Cependant, les problèmes, les incohérences et les contresens ne s’arrêtent pas là.

La nécessité de « marquer la place des femmes en langues » en redoublant les titres se heurte à un terrible problème d’épicènes (substantifs et adjectifs). 

  1. Le scandale des épicènes

Si je dis : « Les juges sont unanimes », je suis dans un grand embarras. Le scandale (sexuel) consiste à « invisibiliser » le sexe des juges et l’adjectif (épicène) ne sert pas à le dévoiler non plus. 

Et cela va loin :

« Les linguistes, les philosophes, les juristes et les journalistes sont au rendez-vous pour la conférence sur la discrimination sexuelle et raciale ». Pas d’adjectif pour indiquer les organes sexuels des référents. 

Allons encore plus loin, que devront faire les pauvres maîtresses (d’école), en disant aux enfants : 

« Les enfants, nous allons faire de vous les stars de la science française ». (Wishful thinking!)

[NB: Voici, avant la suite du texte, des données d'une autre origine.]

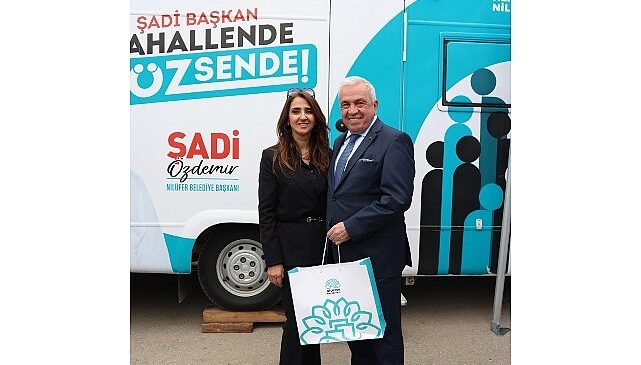 Başkan Şadi Özdemir’den Demirci’ye çifte park müjdesi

Que faire avec le mot « enfants » et le déterminant « les » qui ne permettent pas de savoir s’il s’agit des enfants garçons ou enfants filles ? Je ne parle pas de l’insulte faite aux enfants de deux sexes avec le mot « star » qui, lui, est féminin et qu’on ne peut pas masculiniser ! 

Et si on imagine les ministres, les juristes, les juges et les politologues lors d’une même assemblée, écrirait-on dans un journal:

« Les ministres femmes et hommes, les juges femmes et hommes, les juristes femmes et hommes, les politologues femmes et hommes se sont rencontrés et rencontrées ? » 

En guise de conclusion

On voit ainsi que la circulaire ne tient pas compte du fonctionnement de la langue, elle contrevient au système morphologique et grammatical du français en déstructurant la langue commune. Toutes les circulaires portant sur l’orthographe visaient sa simplification, tenant compte des difficultés des usagers, or cette circulaire-ci est fondée sur des prémisses linguistiques fausses, incohérentes et fantasmatiques qui sont susceptibles de déstructurer l’enseignement de la langue commune.